The Danish language and UUIDs - Christoffer Hauthorn

I noticed that the UUID for a developer account I was prefixed with cafe. Showing the coincidence to a colleague, he asked “I wonder how many words of the danish language could be spelled using ABCDEF. I’m going to find out.

The danish language

I have a copy of the danish dictionary 2019 lying around (turns out you can get it for free if you ask nicely).

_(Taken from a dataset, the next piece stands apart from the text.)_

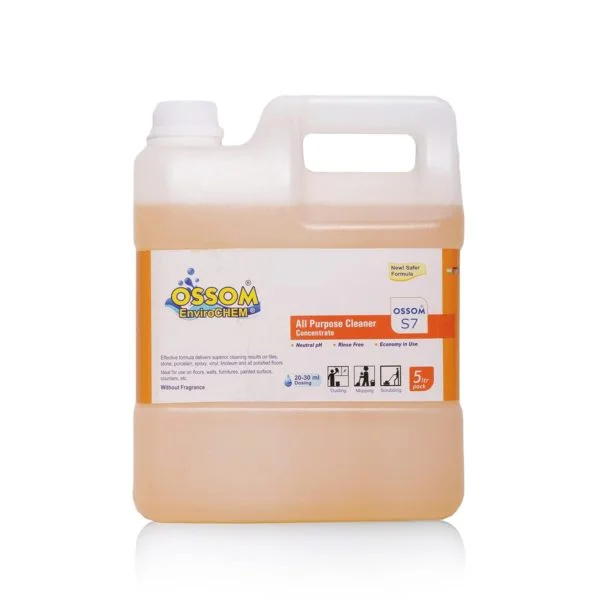 ossom s7 all purpose cleaner concentrate (5ltrs pack)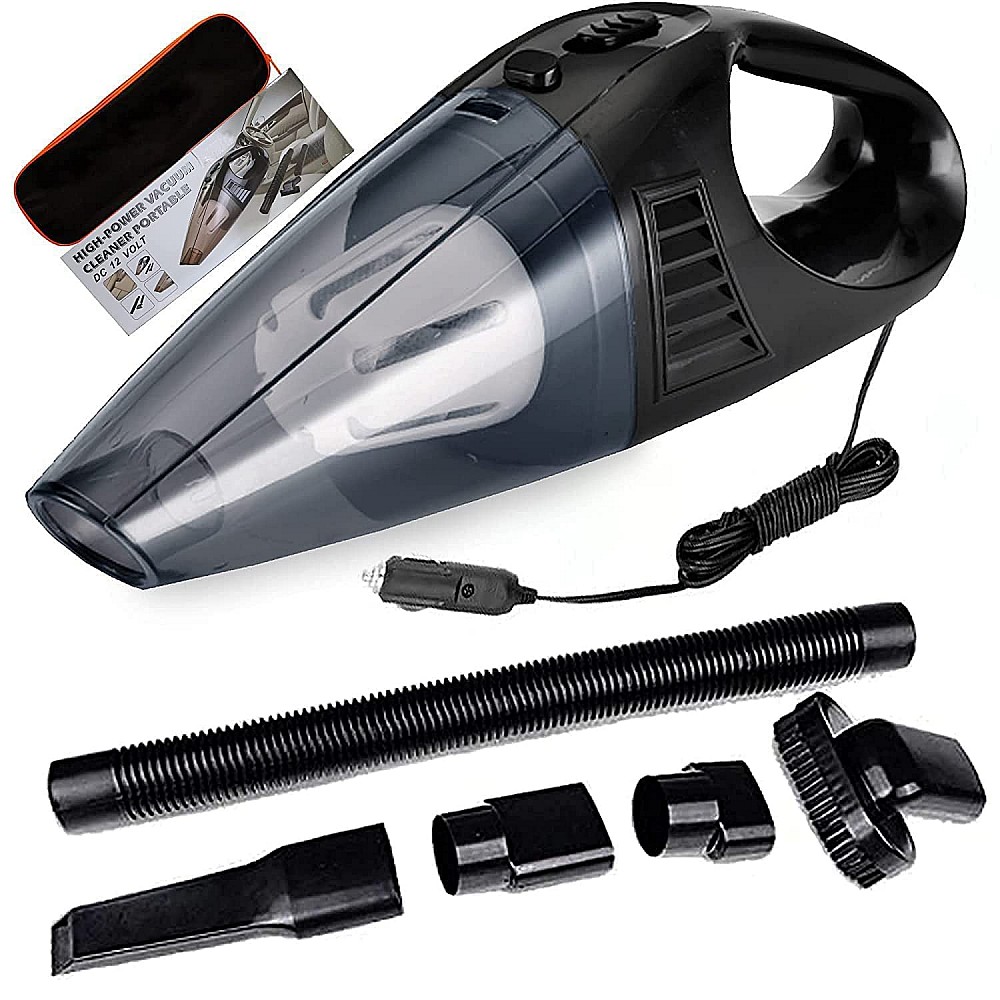 Buy Car Vacuum Powerful Portable & High Power 12V Car Handheld Vacuum ...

First, let’s load it as see what we have here.

import re
import pandas as pd

dictionary = pd.read_csv("RO2012 fuldformer 2019.txt", delimiter=";")

dictionary

	Grundform	Bøjning	Type
0	1. A	A	sb.
1	1. A	A'et	sb.
2	1. A	A'ets	sb.
3	1. A	A's	sb.
4	1. A	A'erne	sb.
...	...	...	...
412796	åsyn	åsyns	sb.
412797	åsyn	åsynene	sb.
412798	åsyn	åsynenes	sb.
412799	åsyn	åsyn	sb.
412800	åsyn	åsyns	sb.

412801 rows × 3 columns

dictionary.nunique()

Grundform     64978
Bøjning      388378
Type             32
dtype: int64

It seems like there’s around 65 thousand words in their base form in the dictionary, and some words are counted more than once. I guess they are listed for each meaning they might have, for example seas have and to have at have.

UUID

The format of the textual representation of a UUID poses some limits on word length (32 hexadecimal digits, hyphens that split up the string into 8-4-4-4-12 and so on), I will count words in the dictionary that only consist of the following:

Letters a, b, c, d, e & f
Digits 0 through 9

On to the query:

words = set(dictionary['Bøjning'].to_numpy())
regex = r"[a-fA-F0-9]"
count = 0
matched = []

for word in words:
    matches = re.finditer(regex, word)
    if len(tuple(matches)) == len(word):
        count += 1
        matched.append(word)

matched

['EA',
 'feed',
 'b',
 'ebbede',
 'badede',
 'bed',
 'F',
 'abe',
 'affede',
 'dB',
 'c',
 'C',
 'fa',
 'abbed',
 'affedede',
 'dada',
 'a',
 'ab',
 'aede',
 'ED',
 'cad',
 'ad',
 'ea',
 'AF',
 'e',
 'fade',
 'AD',
 'edb',
 'De',
 'af',
 'EDB',
 'fadede',
 'BA',
 'E',
 'fede',
 'da',
 'facade',
 'abede',
 'DAB',
 'de',
 'abc',
 'eb',
 'fad',
 'bede',
 'B',
 'ae',
 'ed',
 'D',
 'f',
 'fedede',
 'ABC',
 'fe',
 'CD',
 'cd',
 'dab',
 'fed',
 'affed',
 'CAD',
 'd',
 'bade',
 'bebe',
 'ba',
 'EF',
 'ebbe',
 'A',
 'bad']

len(matched)

I guess the answer can almost fit on your screen. 66 words.